In Marx’s old In a word, history repeats itself like a farce. In 1992 Alberto Fujimori, an elected president, sent tanks to shut down Peru’s Congress and governed as an autocrat for the following eight years. Thirty years later, Pedro Castillo attempted to do the same, Been fumbling with this job since July 2021. On Dec. 7, he announced he would shut down Congress and call a new one with the power to draft a new constitution and “reorganize” the judiciary and prosecutor’s office. The effort failed within hours.
Instead, Congress voted 101 to 6 with 10 abstentions to remove him. After an emergency meeting of the High Command, the police decided to arrest him on rebellion charges as he was being driven to the Mexican embassy to seek asylum. His vice president, Dina Boluarte, has now succeeded him.
Mr Castillo, a rural schoolteacher with no previous political experience, was elected president with a margin of just 50,000 votes (out of almost 18m). Despite being from the hard left, he won over Mr Fujimori’s daughter Keiko, who is admired by many Peruvians. Abhorred and trying to overturn the election results with baseless allegations of fraud.

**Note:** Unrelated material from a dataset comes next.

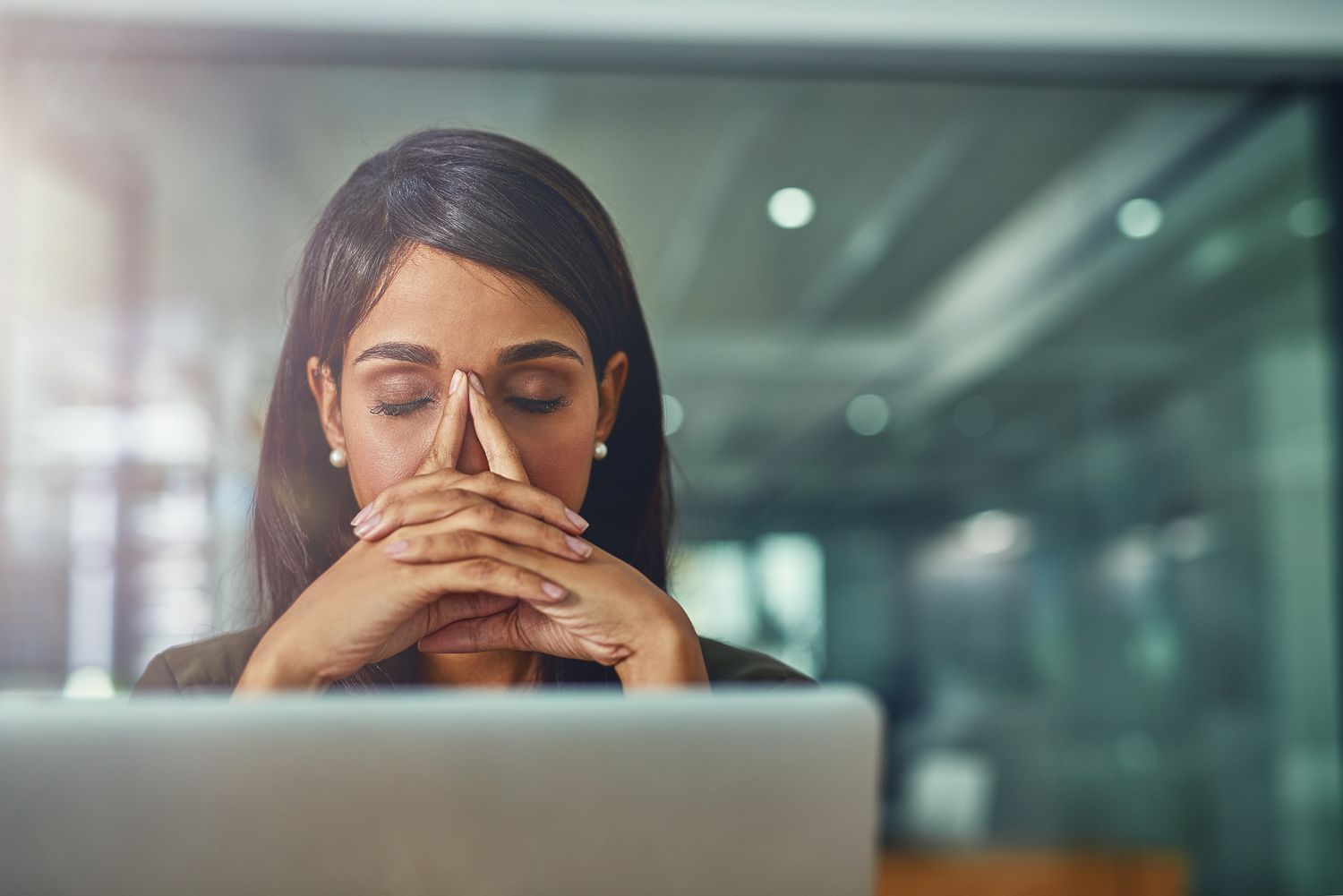 young businesswoman looking stressed out while working in an office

In just 16 months on the job, Mr. Castillo has proven himself unfit for the job. He went through five cabinets and some 80 ministers; they came and went almost every week, many of them as unqualified as the president himself. According to the chief prosecutor, he and several members of his family corruptly conspired to award public contracts. He denies all charges and claims political persecution.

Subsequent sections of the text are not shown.